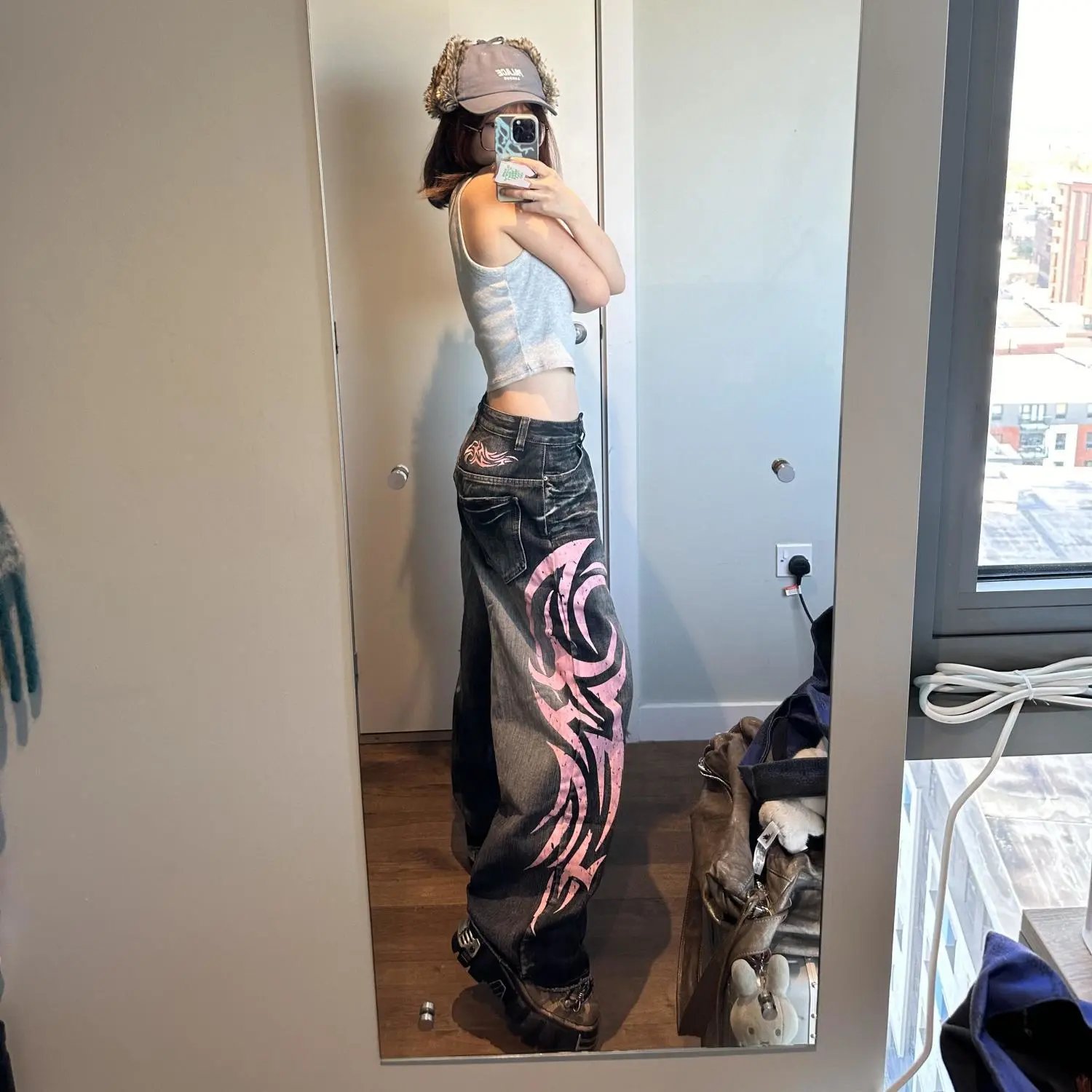 Jaded London Pink Blade XL Colossus Jeans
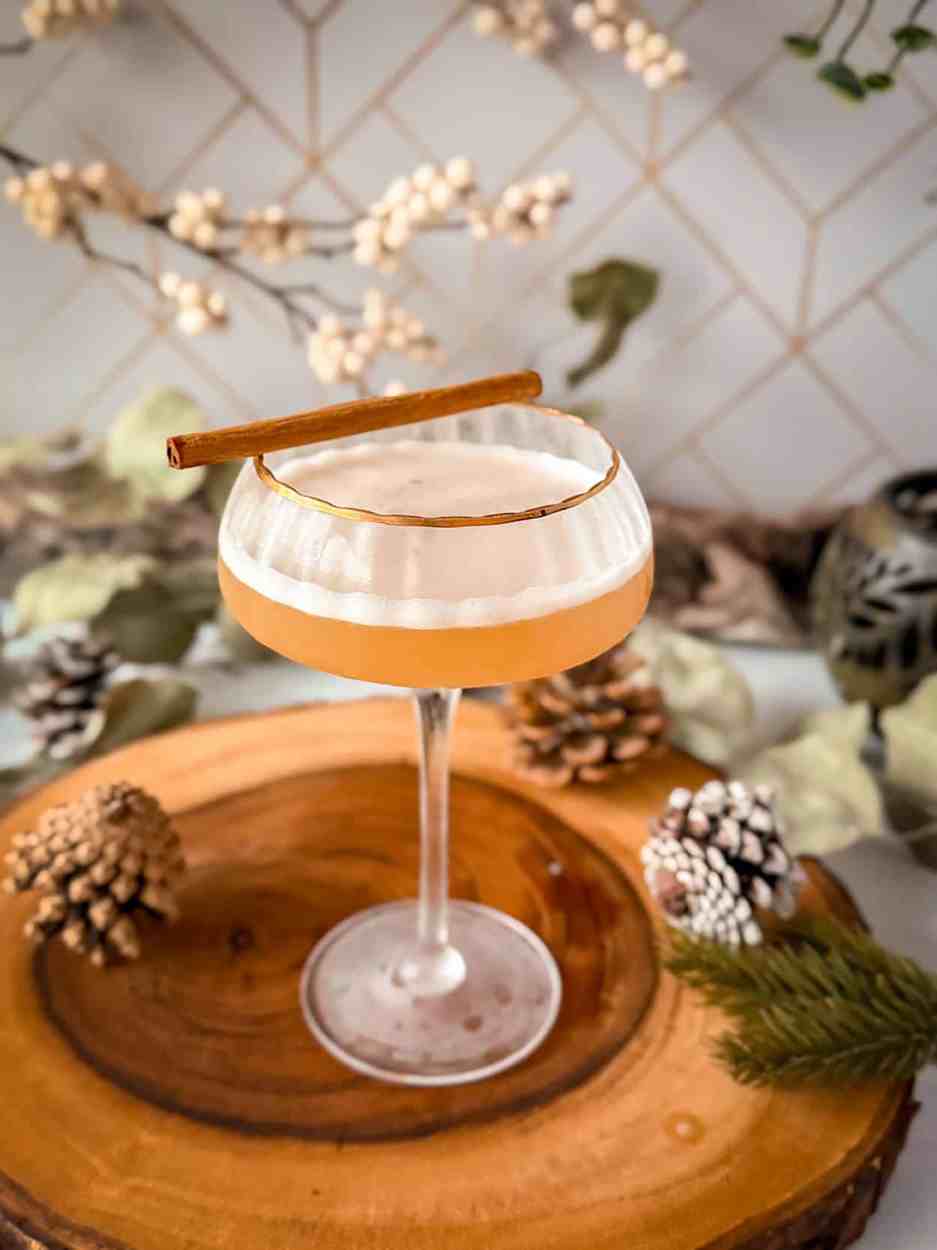 Cardamom Hot Honey Whiskey Sour 1 Cardamom Hot Honey Whiskey Sour cocktail recipe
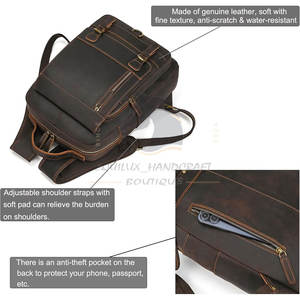 High Quality Custom Made Leather <b>Bagpack</b> Custom Logo Leather <b>Bagpack</b> New Arrival Leather <b>Bagpack</b> - Product Image 2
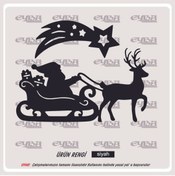 Resim EYBA STİCKER noel baba geyikler yılbaşı sticker süs cam yapıştırma 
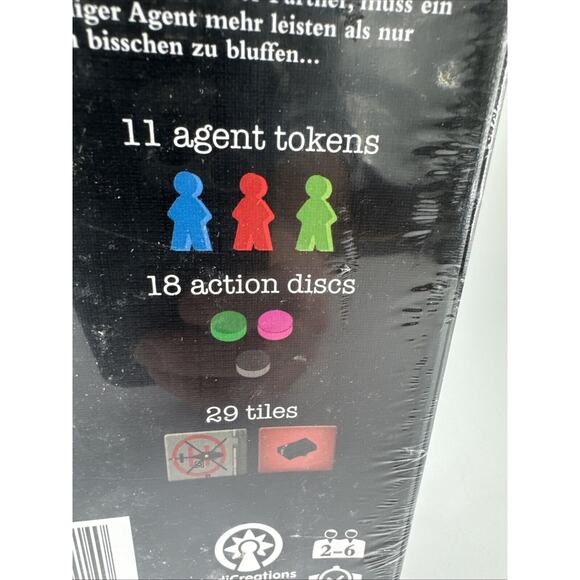 Board Game Redacted Spy Espionage 2014 LudiCreations Brand New Factory Sealed - Picture 7 of 12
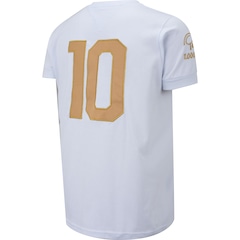 Camisa do Santos Athleta Rei Pelé Retro - Masculina - Foto 4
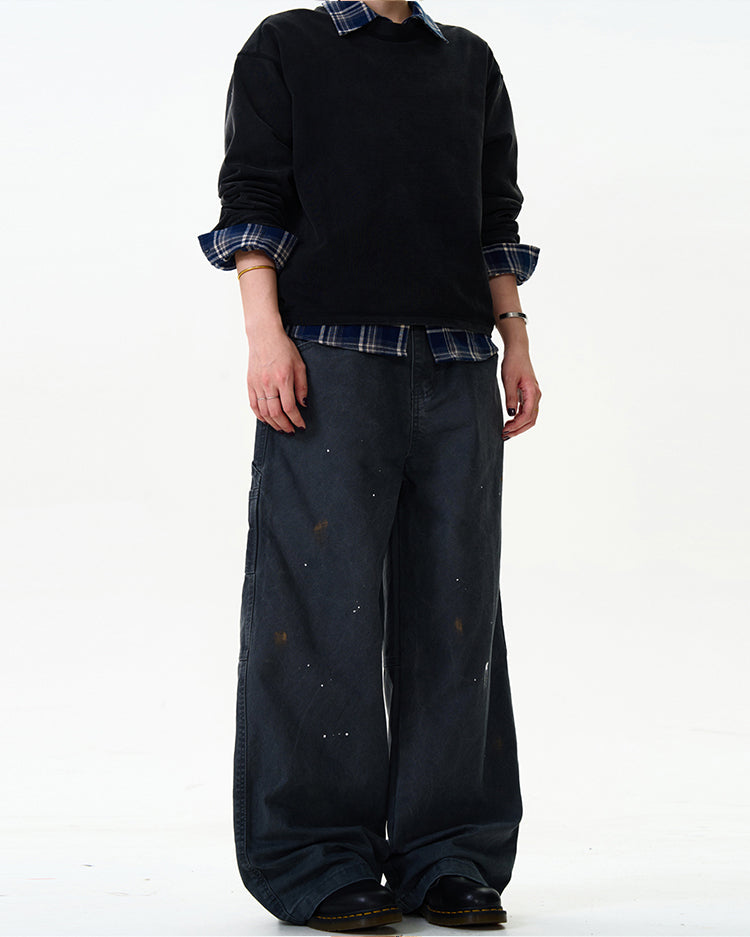 MADWITCH STREET STYLE STRAIGHT-LEG JEANS #CK3355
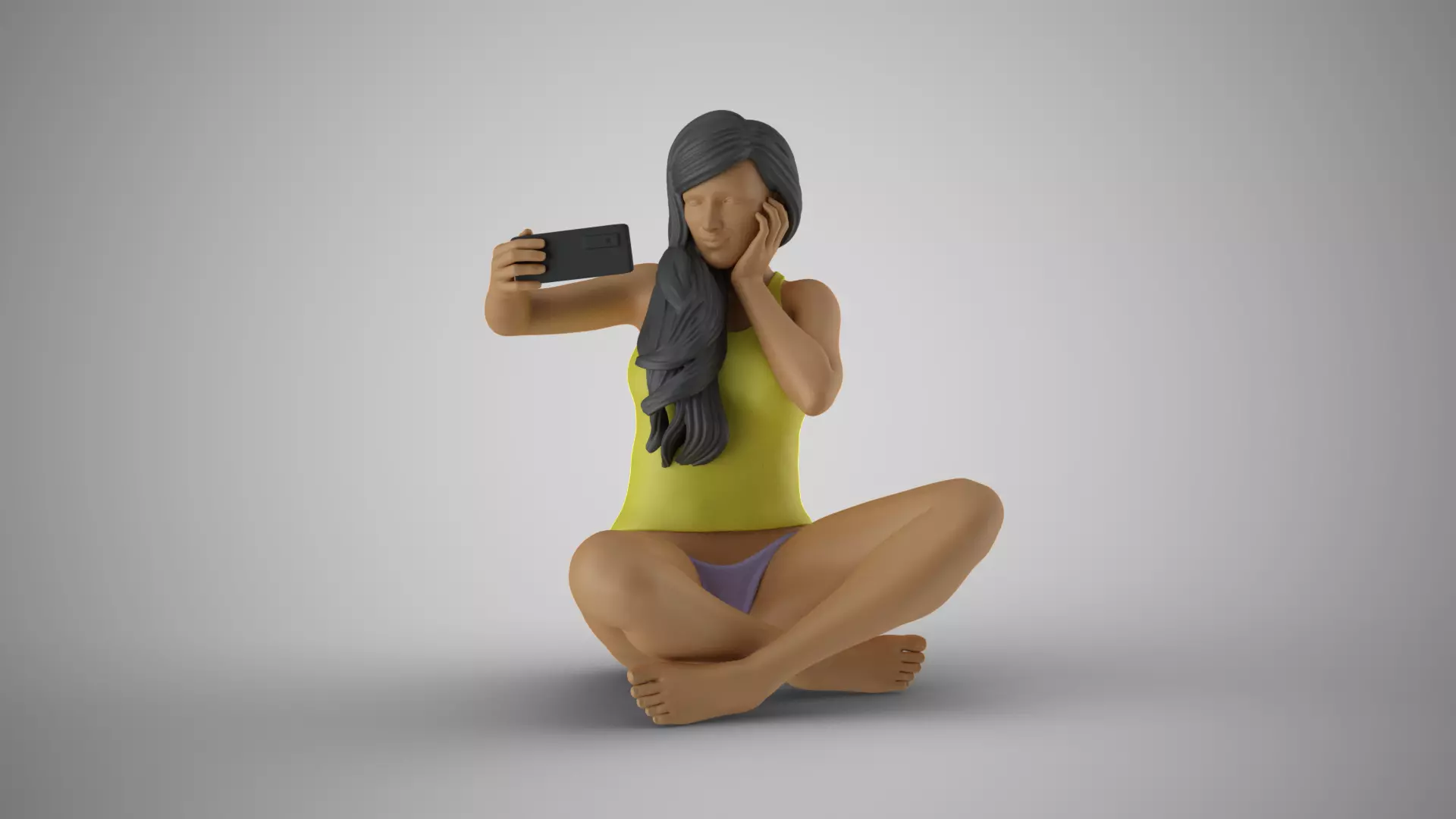 Woman Taking Selfie 3D print model_0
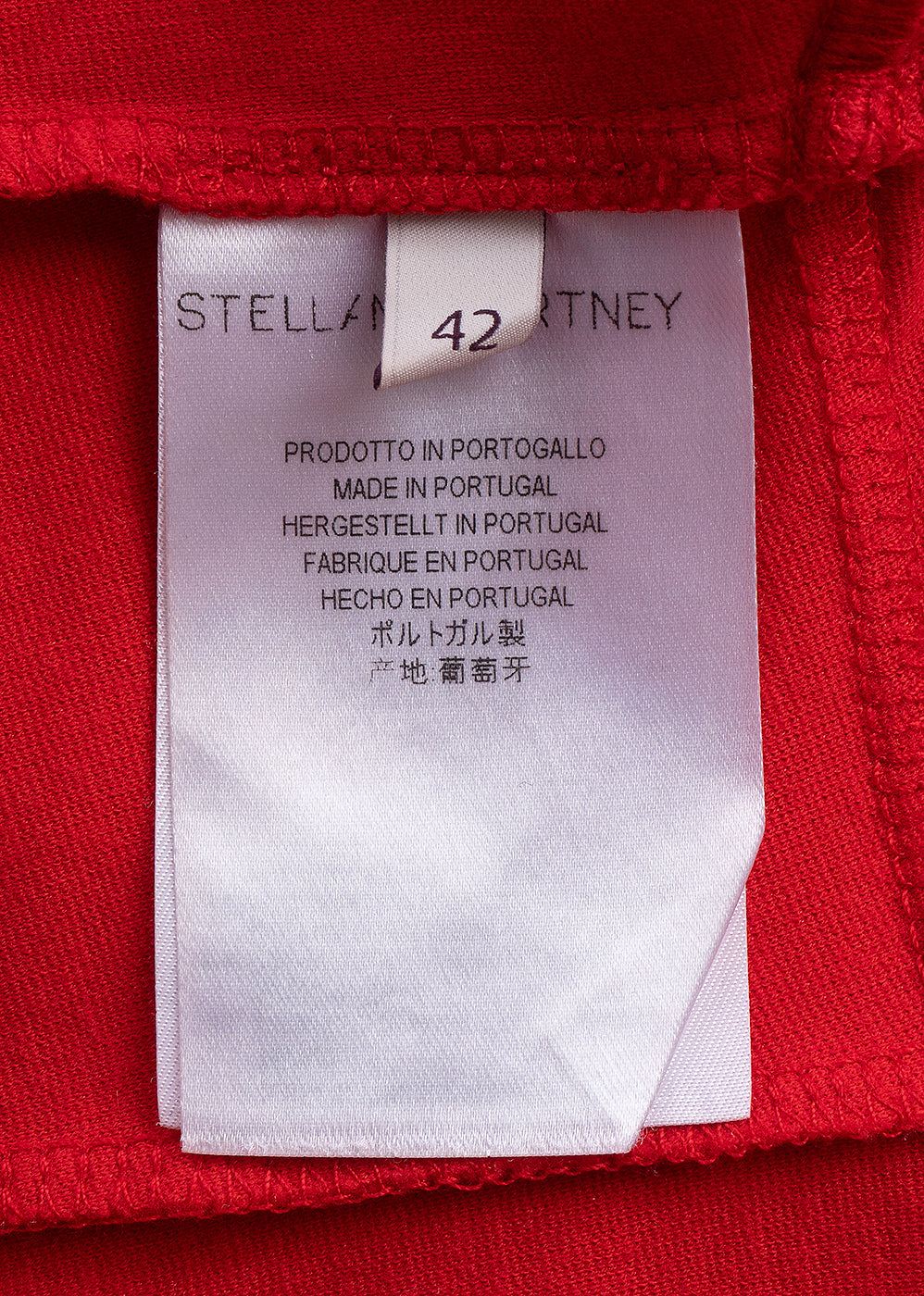 Stella McCartney Red Sleeveless Tailored Top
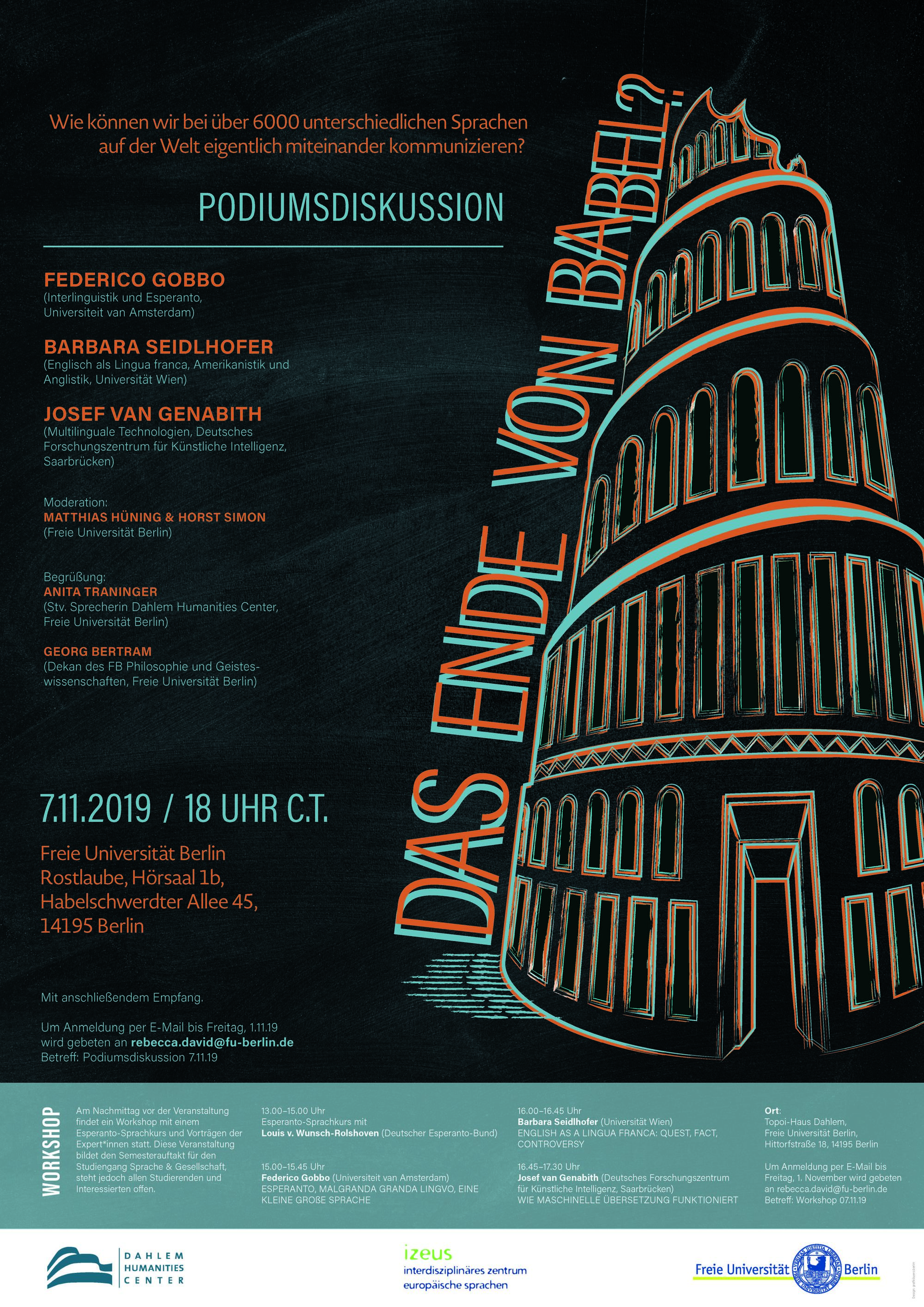 Veranstaltungsposter: © Grafikbuero / Melanie Wiener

= WORK TO BE COMPLETED =
When you copy the entries above, keep every word exactly and omit the images.

= SOLUTION FOR THIS PROBLEM =
 Jaded London Pink Blade XL Colossus Jeans
 Cardamom Hot Honey Whiskey Sour 1 Cardamom Hot Honey Whiskey Sour cocktail recipe
 High Quality Custom Made Leather <b>Bagpack</b> Custom Logo Leather <b>Bagpack</b> New Arrival Leather <b>Bagpack</b> - Product Image 2
 Resim EYBA STİCKER noel baba geyikler yılbaşı sticker süs cam yapıştırma 
 Board Game Redacted Spy Espionage 2014 LudiCreations Brand New Factory Sealed - Picture 7 of 12
 Camisa do Santos Athleta Rei Pelé Retro - Masculina - Foto 4
 MADWITCH STREET STYLE STRAIGHT-LEG JEANS #CK3355
 Woman Taking Selfie 3D print model_0
 Stella McCartney Red Sleeveless Tailored Top
 Veranstaltungsposter: © Grafikbuero / Melanie Wiener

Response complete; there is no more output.